Journalism Competition and Preservation Act of 2018
Bill would provide limited safe harbor for newspaper companies to negotiate with tech platforms
In an effort to ensure fairness and preserve critical access to trusted, high-quality news, Congressman David Cicilline (D-RI), the ranking member of the House Judiciary Antitrust Subcommittee, introduced the "Journalism Competition and Preservation Act of 2018."
This bill would incorporate a limited safe harbor into current antitrust laws, providing news publishers the ability to collectively negotiate with big tech platforms, such as Facebook and Google, on important factors – such as the quality, accuracy and attribution of news sources – that underpin their livelihoods and affect the public's continued ability to access news from trustworthy sources, a lynchpin of our democracy.
Because of the potentially devastating impact of the platforms' decisions and choices on publishers and other businesses, the bill has received widespread support from several stakeholders, including: more than 200,000 local and national news publications; the American Society of News Editors (ASNE), the trade association representing editors; the National Newspaper Association (NNA) and Association of Alterative Newsmedia (AAN), the trade associations representing weekly news publications and alternative news media, respectively; and 44 state press associations representing 47 states.
"Our papers need to be able to band together to negotiate with giants like Facebook or Google. This legislation will help to ensure that we are treated fairly," said Susan Rowell, NNA president, and publisher of The Lancaster (SC) News.

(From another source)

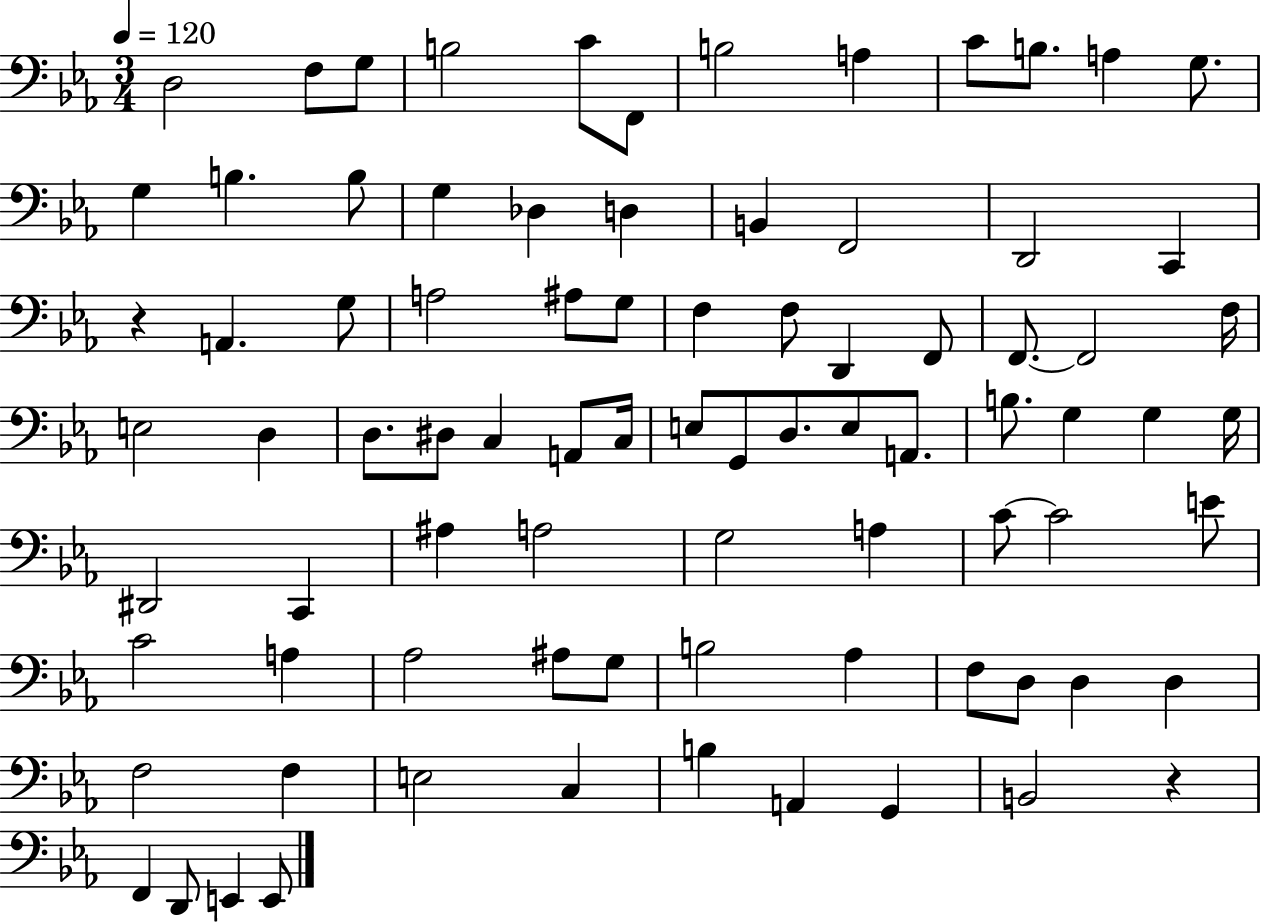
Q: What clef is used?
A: bass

Alfredo Carbajal, ASNE president and editor of the Dallas, TX-based news organization Al Día, stated, "This bill will help level the playing field in the discussions with the large corporations who hold a disproportionate amount of power in the presentation of news and information to the public."
"The Journalism Competition and Preservation Act would allow us to find workable solutions that benefit all participants involved," said Molly Willmott, president of AAN and special projects director for Inside Memphis Business.
News Media Alliance President & CEO David Chavern called on Congress again last Monday in an op-ed in The Wall Street Journal to allow publishers to negotiate with dominant online platforms, saying the previously-reported problems arising from the Duopoly's dominance in the marketplace have gotten worse. "The money generated by news audiences is flowing primarily to Google and Facebook, and not to the reporters and publishers who produce excellent journalism," stated Chavern.
Currently, the Duopoly is capturing 83 percent of all digital ad revenue growth and 73 percent of total U.S. digital advertising. The Alliance believes the solution to this problem is to provide a safe harbor for news publishers to allow them to come together to negotiate with the platforms on their overall behalf.
Congressman Cicilline recognized the need to address the imbalance in the marketplace brought on by the platforms' dominance and help trusted news publishers protect themselves and their readers. "Our democracy is strongest when we have a free, open press that informs citizens, holds public officials accountable, and roots out corruption," said Cicilline. "That's why I'm introducing the Journalism Competition and Preservation Act. This bill empowers local newspapers to negotiate collectively with the biggest technology platforms to ensure consumers have access to the best journalism possible."
The proposed bill would provide a two-year window for newspaper companies to negotiate fair terms that would flow earned subscription and advertising dollars back to the publishers, while protecting and preserving Americans' right to access quality news. Parameters included in the bill ensure that these negotiations would strictly benefit Americans and news publishers at-large; not just one or a few publishers.
The Alliance applauds Congressman Cicilline for his proactive stance. "We are grateful to Congressman Cicilline for his commitment to ensuring fair competition with the platforms and for his work to preserve quality journalism," Chavern said. "Our industry depends on our ability to continue to invest in stories that report the truth and hold our public officials accountable."